It’s the common holiday issue many gift recipients try not to talk about. You spend a considerable amount of money on presents and in return receive inexpensive or cheap gifts. This can make you feel bad, especially if the gifts are coming from family members or friends.
Before acting out on your feelings of disappointment or frustration — which, ideally, you should try to avoid doing whenever possible — here’s what to keep in mind.
The Purpose of Gift Giving
Why do we give one another gifts? Jodi R.R. Smith, president and owner of Mannersmith Etiquette Consulting, said giving and receiving gifts is a reciprocal relationship builder.
What it is not is a dollars to dollars match situation. If this were the case, Smith said, we would just give one another cash. We might even eschew gift giving altogether and buy ourselves what we want, fully defeating the purpose of gift giving.
“The giving of gifts is a way we create and cement our connections to others,” Smith said.
Points To Acknowledge for Gift Giving
The recipient of an inexpensive gift may feel hurt, but a bad gift does not necessarily indicate a bad relationship. Consider these points giftees must acknowledge for gift giving.
Not Everyone Is Good at Giving Gifts
Some people are quite skilled at giving gifts, while others may not possess this skill. To be a good gifter, Smith said, you must have a solid understanding of the giftee. A good gifter knows the giftee’s likes, interests and hobbies.
Many Are on Tight Budgets
Another important point to consider: While you personally may have the budget to give expensive gifts, this is not always the case for everyone else.
Etiquette and civility expert Rosalinda Oropeza Randall said to consider the financial situation of the giver. The person might have been recently laid off from work or might be financially helping out a family member going through a tough time. Every gifter’s financial situation will be different, and it’s important not to make any assumptions.
How Should I Respond If I Receive a Cheap Present?
You give generous gifts and in return receive a present that appears to be pulled directly from the clearance rack or dollar store. You may be speechless or inclined to let your emotions get the best of you, but here’s what you need to avoid doing or saying.
Don’t Name Call
“While this might momentarily make you feel better,” Oropeza Randall said, “it won’t credit your bank account, but it will end your relationship.”
Don’t Compare Costs
Smith said, “The most obnoxious thing you could possibly do is to point out the price differential.”

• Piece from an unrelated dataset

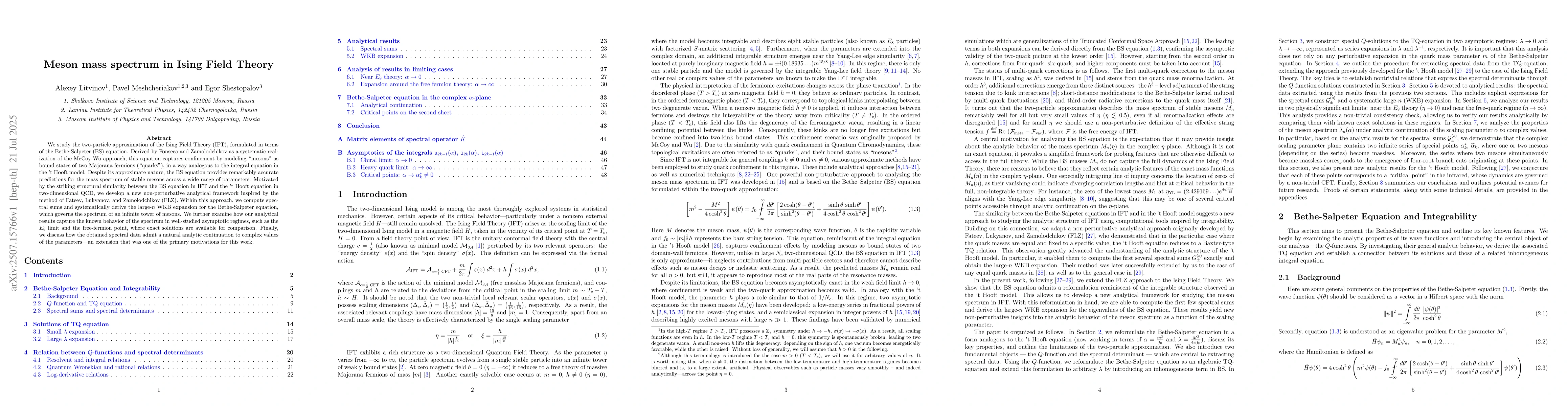 Thumbnail for Meson mass spectrum in Ising Field Theory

Don’t Share the Incident on Social Media
Oropeza Randall also recommends not discussing the incident with mutual friends or co-workers. Even a social media post that doesn’t directly call out the incident but passive aggressively alludes to what happened may be noticed by the gifter and brought up in a later discussion.
Say Thank You
The kindest form of expression when receiving a gift, no matter how much it may cost, is to say thank you.

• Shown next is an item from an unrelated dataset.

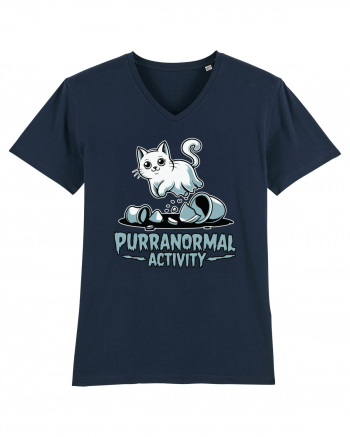 Purranormal Activity Cat Ghost Halloween Scary French Navy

Smith recommends writing a thank-you note. “As an adult, we know not every gift is going to be in response to our heart’s desire,” she said. “But, we are still appreciative of the person who took the time to give us something.”
Remember It’s the Thought That Counts
Many giftees are often quick to make snap judgments about gifts that do not meet their expectations.
Look at the present one more time. Smith uses the example of a handknit sweater. It was made with itchy yarn in a color you would never wear. This does not, in any way, make it a lesser present. Rather, Smith said, it’s the tangible expression of a hug and culmination of hours of work — a labor of love.
What If I Keep Getting Cheap Gifts?
Let’s skip ahead a few years. You continue to receive largely inexpensive gifts for the holidays. Many may not even be like the handknit sweater, where you can see the thought behind the present. They might be hasty presents, like a bulk package of tea candles that don’t really fit you or your personality.
In the back of your mind, you may suspect you’re being regifted items from someone’s closet. Should you say something?
Smith recommends taking a moment early in the year to sit back and look at these gift giving situations. She uses the example of an aunt who may be giving you less personalized presents each year.
“Take a few times to call your aunt during the year and let your aunt know what’s new in your life,” Smith said.
This can be a good time to drop hints about things within your aunt’s budget you would appreciate as gifts.
You also can take charge and switch up the gift giving situation to reflect a more meaningful experience together.
Smith uses the example of saying something like, “Aunt Tilly, this year for the holidays I am going to be home in December. What would you think, as my gift this year, I will pick you up and we can go out to lunch together?”
As you look back on your gift-giving situations, it’s important to reconsider everyone on your list. You may find this list changes over the years, and it’s OK to make adjustments. Just make sure to have a conversation with the other person first, per Smith’s recommendation, so there are no uncomfortable surprises.